1. Prepare a dataset

Setup environment

pyenv virtualenv 3.13.3 llm
pyenv local llm

The file src/prepare_dataset.py downloads the dataset and creates a sample dataset of 10k rows.

1.1. Why do we need a dataset?

The dataset provides examples for the model to learn language patterns such as:

  • Learn grammar: the model observes correct English grammar in the dataset and learns to reproduce it
  • Build vocabulary: the model observes a wide range of words and phrases
  • Understand context: the model observes how sentences and ideas flow and learns to generate coherent responses

1.2. What are criteria to consider a dataset "good enough"?

  • Quality
    • Contain well-formed, grammatical English sentences
    • Minimal noise (eg. code, non-English text, spam)
  • Diversity
    • Cover a wide range of topics, writing styles, and sentence structures
    • Include both formal and informal language
  • Size:
    • Large enough to expose the model to varied patterns (hundreds of millions to billions of tokens is typical, but smaller is possible for experiments)
  • Relevance
    • Match our target use case (eg. conversational data for chatbots, Wikipedia for factual writing)
  • Cleanliness
    • Duplicates, corrupted files, and irrelevant content are removed

Let's pick the 10 billion tokens subset of the FineWeb dataset on HuggingFace. This dataset is used for pretraining general-purpose language models, chatbots, and text generation systems. Examples:

text id dump url date file_path language language_score token_count
How AP reported ... <urn..> CC-.. http://.. 2013-.. s3://.. en 0.972142 717
Did you know ... <urn..> CC-.. http://.. 2013-.. s3://.. en 0.947991 821
Car Wash For ... <urn..> CC-.. http://.. 2013-.. s3://.. en 0.911518 125

2. Train a tokenizer

Assume that we already clean and preprocess the dataset (eg. remove non-English, deduplicate, filter for quality), let's tokenize it.

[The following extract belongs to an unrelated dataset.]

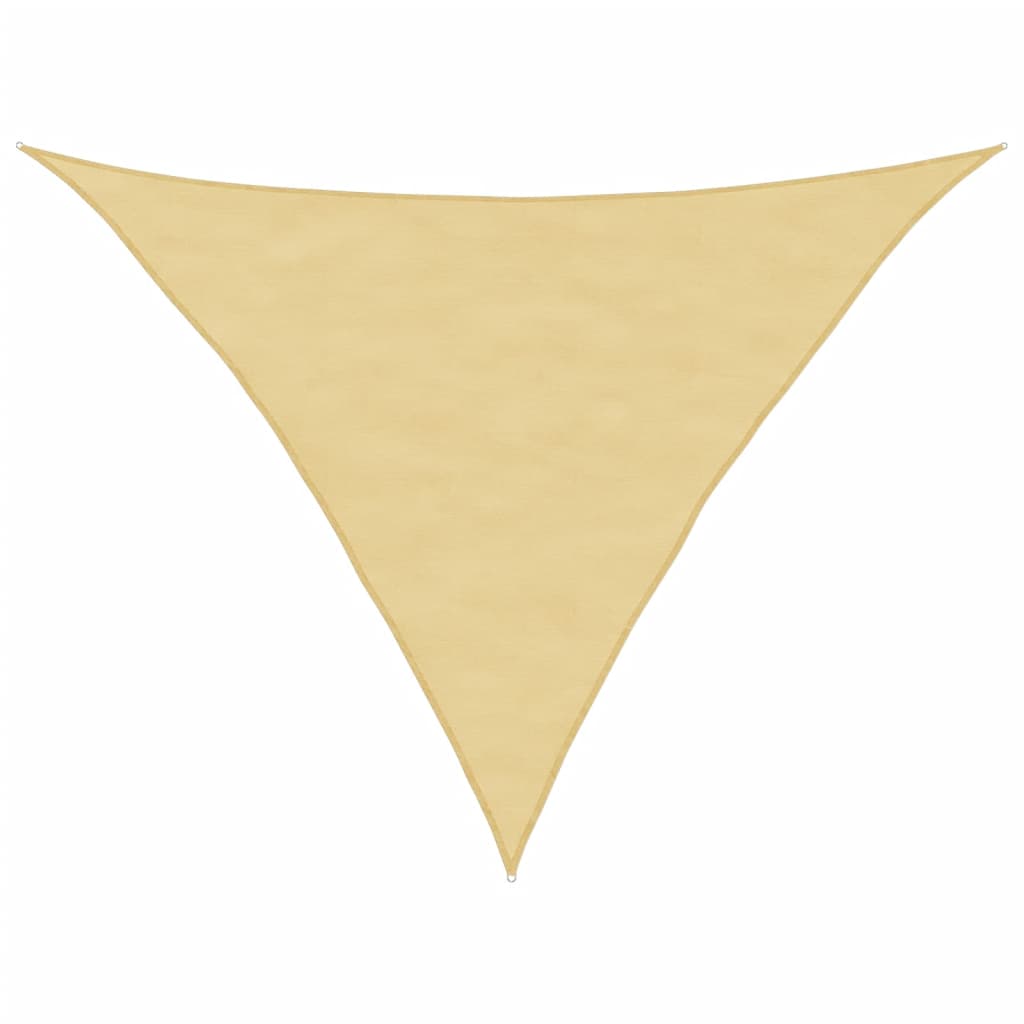 Maison Exclusive - Sonnensegel Sandfarbe 3,5x3,5x4,9 M 100% Polye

The file src/train_tokenizer.py loads the dataset and trains a tokenizer using the dataset.

2.1. Why do we need to tokenize the dataset?

  • Numerical representation: models require input as numbers. Tokenization maps text to token IDs
  • Vocabulary building: tokenization defines the set of tokens (vocabulary) the model will understand
  • Efficient processing: subword tokenization (eg. BPE) handles rare words and reduces out-of-vocabulary issues. For example, common phrases are usually grouped into a single token, while a rare word will be broken down into several tokens
  • Consistent input: tokenization ensures consistent splitting of text, making training and inference reliable

Let's use byte-level Byte-Pair Encoding algorithm to tokenize our dataset.

2.2. How does byte-level BPE work?

Ref: https://en.wikipedia.org/wiki/Byte-pair_encoding

2.3. Why do we need batch_iterator during tokenization process?

batch_iterator yields batches of text, allowing the tokenizer to process the data in chunks, because the dataset may be too large to fit into memory at once.

2.4. What are some special tokens needed for tokenization process?

Token Description
<s> Start-of-sequence token, marks the beginning of a text sequence; helps the model know where input starts
</s> End-of-sequence token, marks the end of a text sequence; helps the model know where to stop generating or processing
<pad> Padding token, used to pad sequences to the same length in a batch; ensures uniform input size for batch processing
<unk> Unknown token, used for out-of-vocabulary or unrecognized tokens; handles rare or unseen words
<mask> Mask token, used for masked language modeling tasks; allows the model to learn context by predicting masked words in a sentence

2.5. How is <pad> token used?

Suppose we have a batch of tokenized sequences of different lengths:

  • Sequence 1: <s> Hello world </s>
  • Sequence 2: <s> How are you? </s>
  • Sequence 3: <s> Hi </s>

To process these in a batch, all sequences must have the same length. We pad the shorter ones with <pad>:

Sequence Token IDs
<s> Hello world </s> 0 10 20 2 1
<s> How are you? </s> 0 11 12 13 2 1
<s> Hi </s> 0 14 2 1 1 1

Here, 1 is the ID for <pad>. So, <pad> fills the empty spots so all sequences are the same length for efficient batch processing.

2.6. What is min_frequency used for?

min_frequency sets the minimum number of times a subword or token must appear in the dataset to be included in the vocabulary. It helps filter out rare or noisy tokens, reducing vocabulary size and improving model generalization. Tokens that appear less than min_frequency times are replaced with the <unk> (unknown) token.

3. Tokenize the dataset

The file src/tokenize_dataset.py loads the dataset and tokenizes it using the tokenized trained above.

3.1. Why do we need to care about context length when tokenizing the dataset?

The context length (eg. 1024 tokens) is the maximum number of tokens the model can process in a single input sequence. If a tokenized sequence is longer than the context length, we must truncate or split it. If it's shorter, we may need to pad it (with <pad>) for batching.

3.2. Why do we need to use batching when tokenizing?

Because we cannot fit the data into memory. In our code, we use a batch size of 1000 rows.

3.3. What are methods to tokenize each batch of the dataset?

3.3.1. Method 1: Truncate the batch by context length

def tokenize_function(batch):
  context_length = 1024
  return {
    "input_ids": [
      tokenizer.encode(text)[:context_length] for text in batch["text"]
    ]
  }

However, truncation discards tokens beyond the context window, wasting data. Let's try method 2.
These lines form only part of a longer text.